Exercise details: When you reach the line containing "What is the", start transcribing exactly and continue through the last line of the data, skipping every picture.

Dataset extract:
******
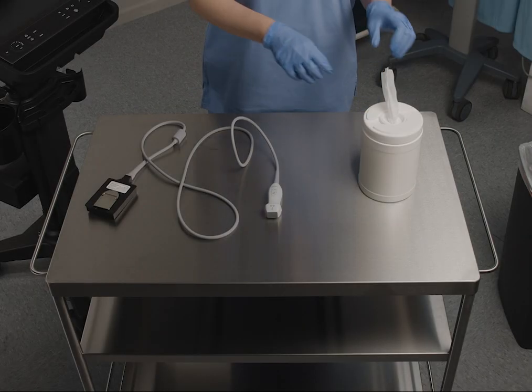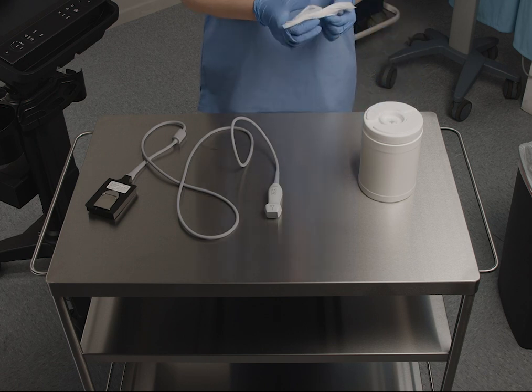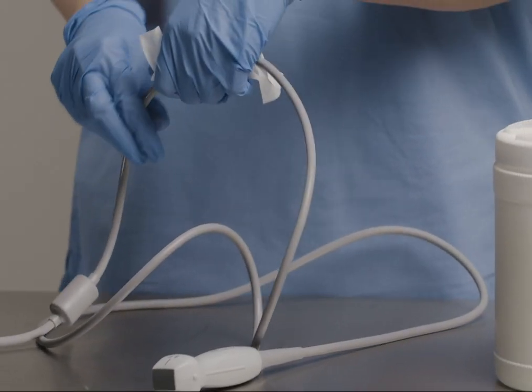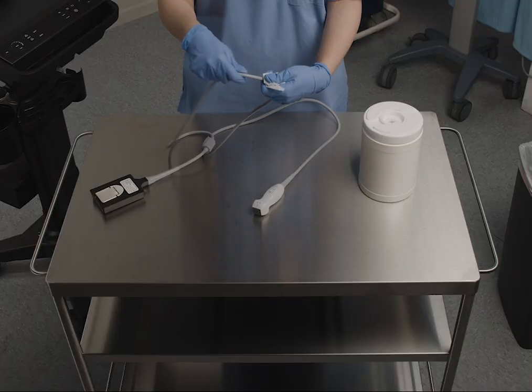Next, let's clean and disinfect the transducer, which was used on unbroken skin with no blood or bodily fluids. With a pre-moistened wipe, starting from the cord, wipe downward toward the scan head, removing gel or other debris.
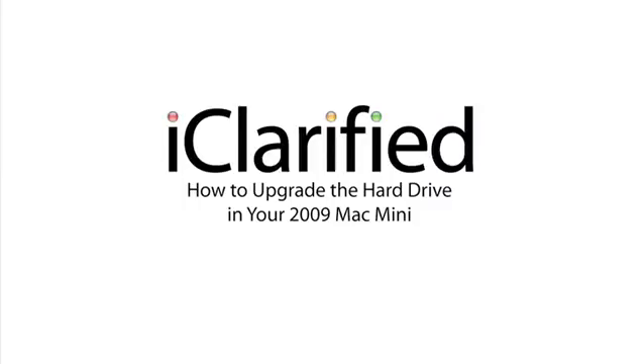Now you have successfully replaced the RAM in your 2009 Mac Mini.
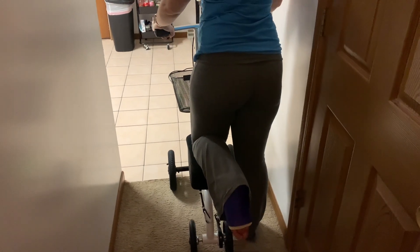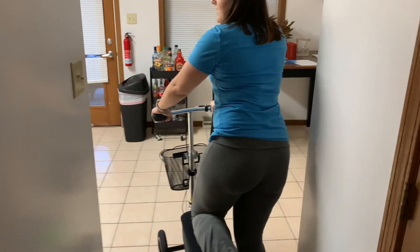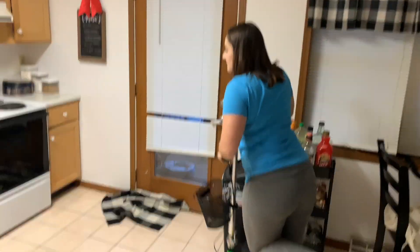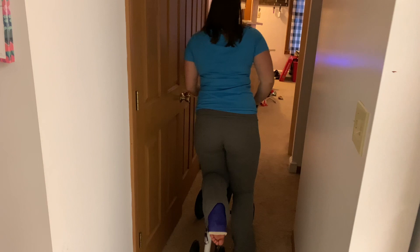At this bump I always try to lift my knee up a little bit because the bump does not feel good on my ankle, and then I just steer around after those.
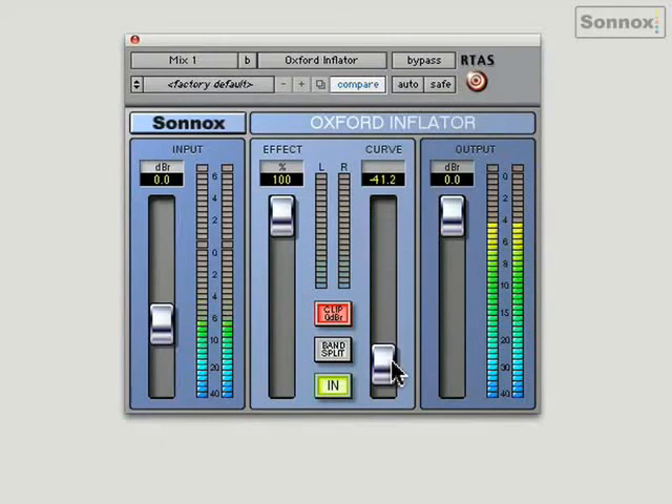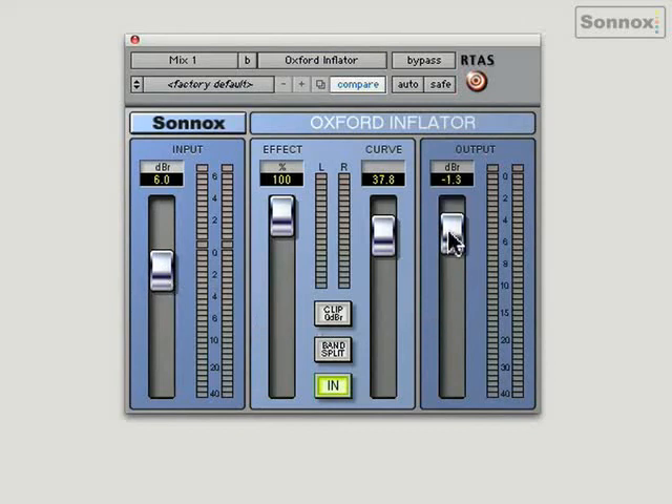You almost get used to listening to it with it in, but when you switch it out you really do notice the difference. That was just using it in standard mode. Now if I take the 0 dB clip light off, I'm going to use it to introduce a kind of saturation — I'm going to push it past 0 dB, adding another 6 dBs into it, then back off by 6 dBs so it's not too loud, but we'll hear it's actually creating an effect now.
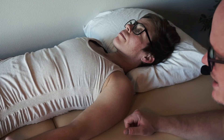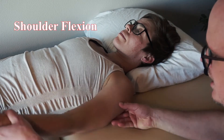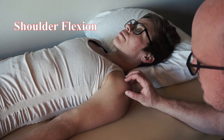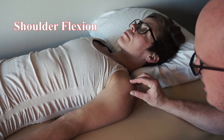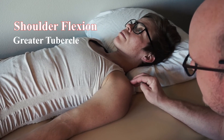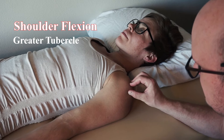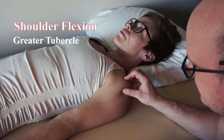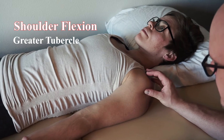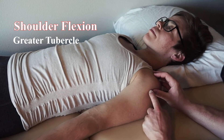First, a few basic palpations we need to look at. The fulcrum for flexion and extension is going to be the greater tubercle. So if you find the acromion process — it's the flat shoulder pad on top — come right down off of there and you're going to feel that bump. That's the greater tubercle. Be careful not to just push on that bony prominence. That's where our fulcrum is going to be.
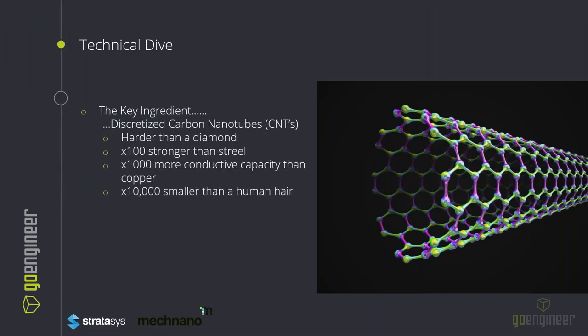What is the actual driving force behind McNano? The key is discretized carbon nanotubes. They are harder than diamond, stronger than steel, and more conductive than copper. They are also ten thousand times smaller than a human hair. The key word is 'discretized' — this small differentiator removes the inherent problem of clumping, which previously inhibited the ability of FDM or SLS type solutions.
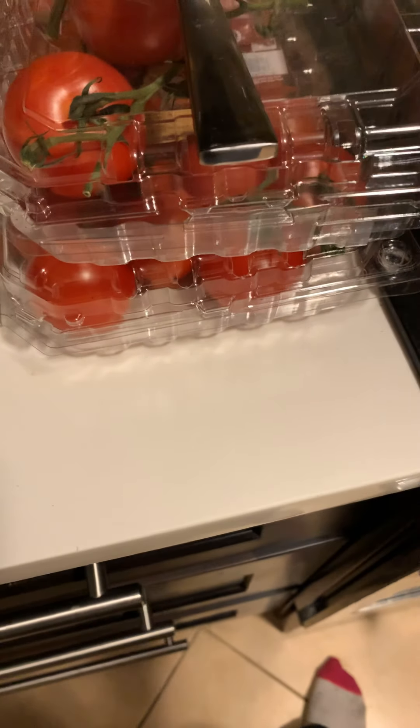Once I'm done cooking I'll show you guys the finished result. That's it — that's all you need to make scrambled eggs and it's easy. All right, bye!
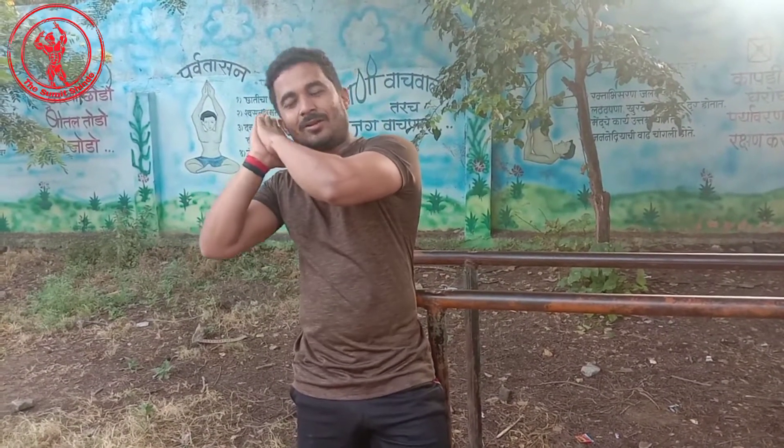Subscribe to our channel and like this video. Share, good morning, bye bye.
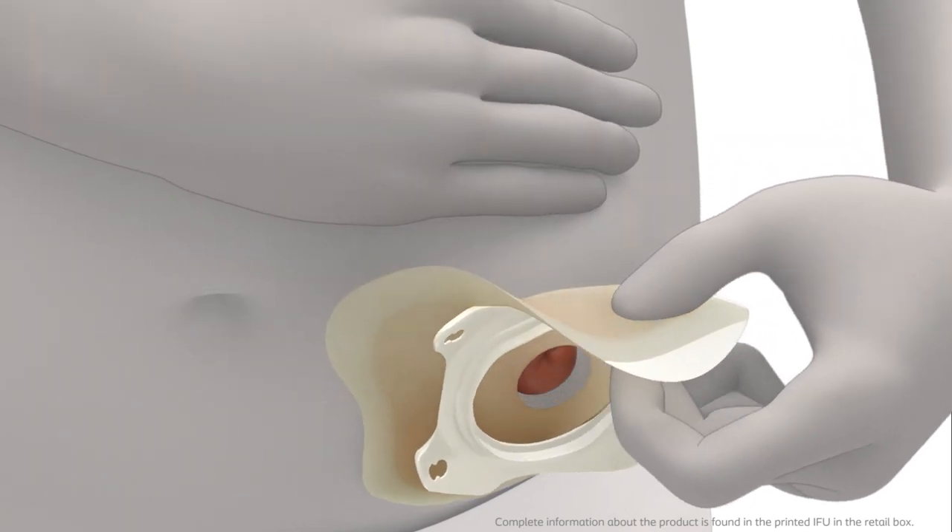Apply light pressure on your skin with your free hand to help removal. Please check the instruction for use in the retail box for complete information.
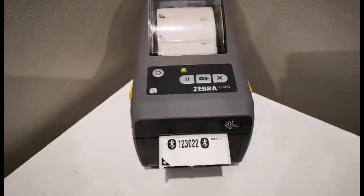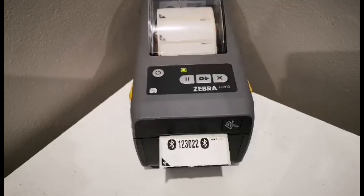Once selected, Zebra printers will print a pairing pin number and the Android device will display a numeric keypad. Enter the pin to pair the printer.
******
Response to this exercise:
What is the actual driving force behind McNano? The key is discretized carbon nanotubes. They are harder than diamond, stronger than steel, and more conductive than copper. They are also ten thousand times smaller than a human hair. The key word is 'discretized' — this small differentiator removes the inherent problem of clumping, which previously inhibited the ability of FDM or SLS type solutions.
Once I'm done cooking I'll show you guys the finished result. That's it — that's all you need to make scrambled eggs and it's easy. All right, bye!
Subscribe to our channel and like this video. Share, good morning, bye bye.
Apply light pressure on your skin with your free hand to help removal. Please check the instruction for use in the retail box for complete information.
Once selected, Zebra printers will print a pairing pin number and the Android device will display a numeric keypad. Enter the pin to pair the printer.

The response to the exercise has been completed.